U.S. Secretary of Veterans Affairs James Nicholson (L) testifies as Under Secretary for Health Jon Perlin (R) listens during a hearing before the House Appropriations Subcommittee on Military Quality of Life and Veterans Affairs on Capitol Hill June 28, 2005, in Washington, DC.
Rick Scavetta lives with his wife and young daughter in a small town near New Haven, Conn. He joined the Army at 18, in part to earn money for college, and served in the regular Army and then the Reserve for a total of 15 years, reaching the rank of Sergeant 1st Class. In 2005, his Reserve unit was called up, and he served a year in Afghanistan.
Scavetta says he made a firm decision to leave the military last February, and planned to use his GI Bill benefits to pursue a master’s degree in political science and to study Arabic at Southern Connecticut State University.
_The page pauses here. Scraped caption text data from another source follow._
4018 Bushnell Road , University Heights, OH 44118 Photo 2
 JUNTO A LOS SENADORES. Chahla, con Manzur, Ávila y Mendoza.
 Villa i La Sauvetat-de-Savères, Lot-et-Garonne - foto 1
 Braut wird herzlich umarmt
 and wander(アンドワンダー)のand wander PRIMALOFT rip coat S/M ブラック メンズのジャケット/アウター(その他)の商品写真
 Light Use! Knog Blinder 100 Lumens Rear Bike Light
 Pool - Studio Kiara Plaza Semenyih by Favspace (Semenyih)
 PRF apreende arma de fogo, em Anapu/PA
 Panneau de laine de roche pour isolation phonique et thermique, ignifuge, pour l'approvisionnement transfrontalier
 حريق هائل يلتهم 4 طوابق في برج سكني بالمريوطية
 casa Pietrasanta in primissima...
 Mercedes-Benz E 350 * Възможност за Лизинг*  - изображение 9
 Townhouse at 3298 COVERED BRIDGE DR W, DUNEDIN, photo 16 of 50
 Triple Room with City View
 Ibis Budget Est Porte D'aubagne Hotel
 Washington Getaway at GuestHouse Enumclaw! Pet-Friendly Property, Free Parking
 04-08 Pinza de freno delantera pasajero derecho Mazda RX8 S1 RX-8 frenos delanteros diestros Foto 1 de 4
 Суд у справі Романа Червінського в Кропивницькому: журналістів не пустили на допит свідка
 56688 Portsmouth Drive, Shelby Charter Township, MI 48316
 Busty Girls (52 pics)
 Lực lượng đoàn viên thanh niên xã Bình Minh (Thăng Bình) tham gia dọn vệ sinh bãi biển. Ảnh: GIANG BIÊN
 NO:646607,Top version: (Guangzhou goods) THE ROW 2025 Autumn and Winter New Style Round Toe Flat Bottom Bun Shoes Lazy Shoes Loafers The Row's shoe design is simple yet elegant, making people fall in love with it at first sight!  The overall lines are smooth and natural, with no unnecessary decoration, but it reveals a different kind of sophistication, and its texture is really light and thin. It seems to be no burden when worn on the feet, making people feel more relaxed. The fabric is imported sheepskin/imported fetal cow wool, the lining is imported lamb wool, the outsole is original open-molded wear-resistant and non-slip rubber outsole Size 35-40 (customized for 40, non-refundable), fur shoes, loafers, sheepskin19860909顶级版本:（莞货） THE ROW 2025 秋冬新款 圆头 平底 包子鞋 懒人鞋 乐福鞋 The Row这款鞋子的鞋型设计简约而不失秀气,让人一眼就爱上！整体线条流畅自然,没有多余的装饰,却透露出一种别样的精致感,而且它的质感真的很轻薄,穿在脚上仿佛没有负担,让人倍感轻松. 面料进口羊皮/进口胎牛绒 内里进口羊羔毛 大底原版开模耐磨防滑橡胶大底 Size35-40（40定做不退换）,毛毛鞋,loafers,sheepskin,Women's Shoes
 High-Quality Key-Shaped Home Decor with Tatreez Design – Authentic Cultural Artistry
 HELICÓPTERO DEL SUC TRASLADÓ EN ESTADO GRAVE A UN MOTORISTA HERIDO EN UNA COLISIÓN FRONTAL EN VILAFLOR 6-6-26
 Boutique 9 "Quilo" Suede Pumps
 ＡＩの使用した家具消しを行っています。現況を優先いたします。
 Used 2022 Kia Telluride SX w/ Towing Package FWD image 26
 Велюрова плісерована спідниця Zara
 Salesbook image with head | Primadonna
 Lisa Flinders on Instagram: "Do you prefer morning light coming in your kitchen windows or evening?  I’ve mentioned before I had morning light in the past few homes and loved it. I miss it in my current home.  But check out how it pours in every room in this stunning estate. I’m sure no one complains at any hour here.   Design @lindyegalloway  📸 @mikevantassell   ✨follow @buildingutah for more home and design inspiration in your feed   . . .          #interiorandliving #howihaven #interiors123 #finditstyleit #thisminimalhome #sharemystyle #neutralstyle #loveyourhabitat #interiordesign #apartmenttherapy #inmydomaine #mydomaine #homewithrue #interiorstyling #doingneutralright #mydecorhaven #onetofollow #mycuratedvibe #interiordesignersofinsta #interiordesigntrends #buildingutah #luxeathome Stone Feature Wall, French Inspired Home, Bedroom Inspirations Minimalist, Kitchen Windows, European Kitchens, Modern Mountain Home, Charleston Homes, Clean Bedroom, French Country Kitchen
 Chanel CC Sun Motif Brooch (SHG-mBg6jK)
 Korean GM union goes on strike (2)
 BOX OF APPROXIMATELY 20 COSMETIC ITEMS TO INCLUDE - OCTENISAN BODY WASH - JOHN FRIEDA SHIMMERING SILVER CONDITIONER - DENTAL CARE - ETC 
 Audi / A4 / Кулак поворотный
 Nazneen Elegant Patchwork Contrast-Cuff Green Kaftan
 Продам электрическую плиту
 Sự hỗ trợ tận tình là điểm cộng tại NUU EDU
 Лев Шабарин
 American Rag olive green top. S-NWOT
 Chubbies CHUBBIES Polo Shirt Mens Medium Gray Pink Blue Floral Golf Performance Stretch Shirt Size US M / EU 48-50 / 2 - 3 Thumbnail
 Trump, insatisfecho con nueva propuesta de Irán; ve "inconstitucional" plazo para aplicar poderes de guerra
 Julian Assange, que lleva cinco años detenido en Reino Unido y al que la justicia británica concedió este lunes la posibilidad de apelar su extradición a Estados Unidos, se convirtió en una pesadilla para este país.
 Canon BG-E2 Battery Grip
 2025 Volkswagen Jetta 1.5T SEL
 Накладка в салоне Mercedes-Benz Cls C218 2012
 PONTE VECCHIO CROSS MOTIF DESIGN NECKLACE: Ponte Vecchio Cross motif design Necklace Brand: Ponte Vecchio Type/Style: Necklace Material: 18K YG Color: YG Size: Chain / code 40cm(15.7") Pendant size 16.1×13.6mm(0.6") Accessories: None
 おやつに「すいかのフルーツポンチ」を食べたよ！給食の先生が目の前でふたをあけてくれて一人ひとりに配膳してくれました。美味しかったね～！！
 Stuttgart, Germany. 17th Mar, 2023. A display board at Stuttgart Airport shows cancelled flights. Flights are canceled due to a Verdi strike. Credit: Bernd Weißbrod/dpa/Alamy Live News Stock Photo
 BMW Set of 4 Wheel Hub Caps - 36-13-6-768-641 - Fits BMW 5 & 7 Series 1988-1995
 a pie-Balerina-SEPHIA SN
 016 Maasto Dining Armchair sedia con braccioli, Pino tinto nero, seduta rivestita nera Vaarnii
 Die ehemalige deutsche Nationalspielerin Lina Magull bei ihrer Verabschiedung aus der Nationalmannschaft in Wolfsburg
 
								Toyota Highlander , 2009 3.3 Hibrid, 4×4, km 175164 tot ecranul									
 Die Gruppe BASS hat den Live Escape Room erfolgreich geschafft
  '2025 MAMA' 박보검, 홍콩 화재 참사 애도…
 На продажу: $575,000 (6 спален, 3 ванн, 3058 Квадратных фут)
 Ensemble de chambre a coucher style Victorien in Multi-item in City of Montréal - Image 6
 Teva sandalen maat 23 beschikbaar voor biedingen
But he was told in his exit briefing that if he deactivated—in military terms, “left drill status”—he would not be eligible.
“Imagine if someone told you, ‘We promise you these benefits if you serve your country,’ and you held up your end of the bargain for six years in the Reserve, a year or two deployed overseas,” he says. “It’s frustrating, especially since school can be a very grounding thing for a veteran returning from war.”
Scavetta is just one of the many vets Jack Mordente works with as director of Veterans Affairs (VA) at Southern Connecticut State University in New Haven. Mordente says he learned last May that the Department of Defense was telling war-activated Guard and Reservists that if they left paid drill status they would lose their GI Bill education benefits. “And in fact it’s not true,” he says.
VA representative Keith Wilson backs up Mordente’s interpretation. Providing a bit of history, he says that in 1985 Congress created GI Bill education benefits for members of the Guard and Reserve for the first time. Then, he adds, “During Gulf War I, some individuals in the Guard and Reserve were called up for active duty, which interfered with their ability to pursue their education. So Congress passed a law that allowed the delimiting date (i.e., eligibility deadline) to be extended for a period equal to the time they’re activated plus four months.”
Mordente says if a member of the Guard or Reserve knows he or she is eligible and files for the benefit, the Veterans Administration will pay it.
But the Department of Defense (DoD) interprets the law differently. Lt. Col. Steve Beller of the Army National Guard writes the Guard policies to implement Army regulations. He says that the Department of Defense, unlike the VA, interprets the law to restrict eligibility for benefits to those who remain on drill status.
“The general counsels of the VA and the DoD issued opposite opinions,” he says. The two departments are trying to resolve their differences, but until they do, Beller says, “We will continue briefing as our attorneys have stated, that those benefits terminate upon leaving Selective Reserve.” He adds, “The funding we get for bonuses, retention and the GI Bill is all in one pot. If we take that money and give it to a vet, that means there’s a soldier sitting in the desert to whom I can’t give a re-enlistment bonus.”
Scavetta knows he’s eligible, but has still run into roadblocks. “I applied for my GI Bill benefits in August,” he says, “and I haven’t heard anything from the VA. I tried to call them, and got redirected to a call center, and the voice says nobody’s available to talk to me and hangs up.” He’s putting his school expenses—about $1,400 per semester—on his credit card. “To not have a quicker delivery system for the benefits we’re entitled to is, quite frankly, bullshit.”
Besides serving veteran-students at SCSU, Mordente is also president of the National Association of Veterans Program Administrators, and through his organization he is trying to get the word out nationally. He says student vets make up more than 20 percent of the nearly 400,000 members of the Guard and Reserve from all branches of the military who have served in Iraq or Afghanistan since 2001. So far, the VA’s Wilson says the department has paid about 3,400 people under this provision, with a maximum payment of $300 a month. No one knows how many retired GIs haven’t applied because they’ve been told they’re ineligible.
“These are war-activated Guard and Reservists who sacrificed,” Mordente says. “And now they’re being told they’re not eligible for a benefit they are eligible for. It’s appalling.”